Plus d'attention est nécessaire pour les personnes qui ne semblent pas seules à première vue. Ce n'est qu'alors que le thème pourra être discuté par tous, déclare Marlies Maes, chercheuse à la KU Leuven, qui a soutenu une thèse de doctorat sur la solitude chez les jeunes.
Vous n'avez pas besoin d'être seul pour vous sentir solitaire. Peut-être, lors d'une fête d'anniversaire animée ou au milieu d'une rue commerçante bondée, avez-vous déjà été assailli par un manque lancinant. Être seul est une situation objective, mais la solitude est un ressenti subjectif.
Vous avez de nombreux amis et vous aimez partager des moments amusants avec eux. Personne ne s'en doute, et pourtant, vous vous sentez souvent seul.

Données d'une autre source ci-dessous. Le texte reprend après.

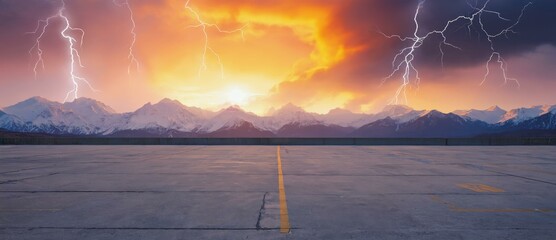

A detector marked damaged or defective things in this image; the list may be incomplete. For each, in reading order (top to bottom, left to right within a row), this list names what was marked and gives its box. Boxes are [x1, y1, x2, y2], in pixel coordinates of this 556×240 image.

cracked concrete surface [1, 145, 556, 239] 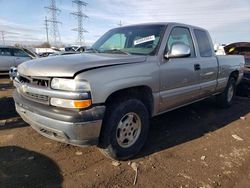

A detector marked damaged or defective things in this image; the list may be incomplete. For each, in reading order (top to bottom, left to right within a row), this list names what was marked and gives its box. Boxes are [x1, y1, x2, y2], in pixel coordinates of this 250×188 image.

damaged vehicle [11, 22, 244, 159]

Comment est-il possible de se sentir solitaire malgré un large cercle d'amis ?
La solitude est ce sentiment douloureux de carence dans les relations sociales. Elle peut survenir en cas de manque quantitatif d'amis, mais la qualité des liens est encore plus déterminante. Ainsi, une personne entourée de nombreux amis peut se sentir seule si ces relations paraissent superficielles ou de faible qualité.

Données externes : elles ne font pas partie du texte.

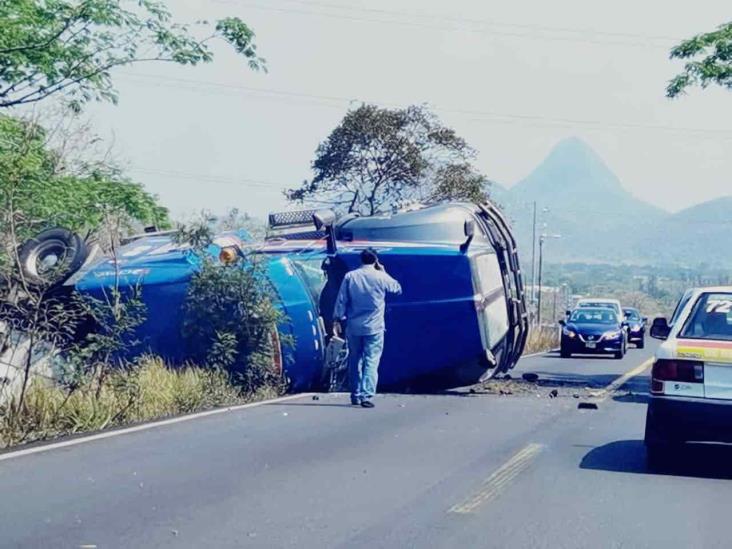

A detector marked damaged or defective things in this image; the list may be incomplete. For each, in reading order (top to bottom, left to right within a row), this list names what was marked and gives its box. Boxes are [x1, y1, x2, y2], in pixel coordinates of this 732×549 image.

overturned blue truck [24, 201, 528, 390]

Même si vous êtes satisfait de la qualité de vos amitiés, la solitude peut persister. Elle se manifeste sous diverses formes. Le premier type provient d'un manque de lien étroit et profond, comme avec un meilleur ami. Le second découle d'un sentiment d'exclusion d'un groupe, tel qu'un cercle d'amis.
La solitude est le sentiment douloureux de passer à côté de vos relations sociales.

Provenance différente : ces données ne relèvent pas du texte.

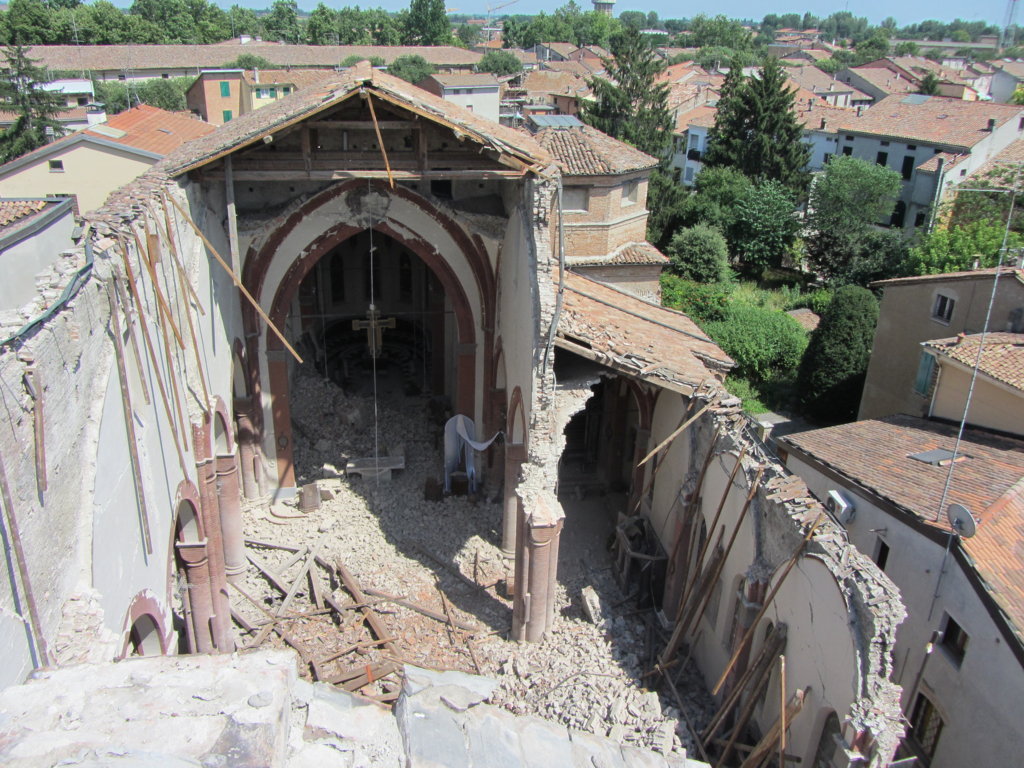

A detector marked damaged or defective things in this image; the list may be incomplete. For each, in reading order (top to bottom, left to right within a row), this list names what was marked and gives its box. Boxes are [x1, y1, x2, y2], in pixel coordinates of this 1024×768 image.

Vous pouvez ainsi avoir de nombreux amis avec qui vous vous sentez bien, tout en regrettant l'absence d'une connexion profonde avec un confident. Ou posséder un partenaire idéal, mais vous sentir isolé faute d'appartenance à un groupe amical.
La solitude évoque souvent une personne âgée isolée. Pourtant, les jeunes, entourés de pairs toute la journée, en sont aussi victimes. Dans une étude menée à la KU Leuven dans le cadre de ma thèse, 1 700 jeunes Flamands âgés de 13 à 21 ans ont été interrogés : près de 20 % se disent parfois seuls.
Dans une autre enquête auprès de 280 adolescents flamands de 12 à 15 ans, 15 % rapportent une solitude liée à l'absence de meilleur ami, et près de 20 % un sentiment d'exclusion d'un groupe amical.
Ce phénomène reste sous-estimé chez les jeunes, tabou et peu financé, ce qui entrave l'expression des souffrances et le développement de programmes préventifs.
Près de 20 % des jeunes interrogés âgés de 13 à 21 ans déclarent se sentir parfois seuls.
Il est crucial de briser ce silence. Une solitude prolongée accroît les risques de dépression, d'anxiété, d'échecs scolaires, de faible estime de soi et de pensées suicidaires.
Discuter ouvertement de la solitude, y compris chez les jeunes apparemment entourés, est essentiel pour qu'ils expriment leur mal-être et reçoivent un soutien adapté.
La solitude juvénile doit devenir un enjeu sociétal. Parlons-en ensemble pour sensibiliser. Impliquez conseillers et chercheurs pour concevoir programmes et outils. Et mobilisons les pouvoirs publics pour financer et diffuser ces initiatives.
Pour ses recherches sur la solitude chez les jeunes, Marlies Maes (Psychologie, KU Leuven) a été nominée pour la Flemish PhD Cup 2017.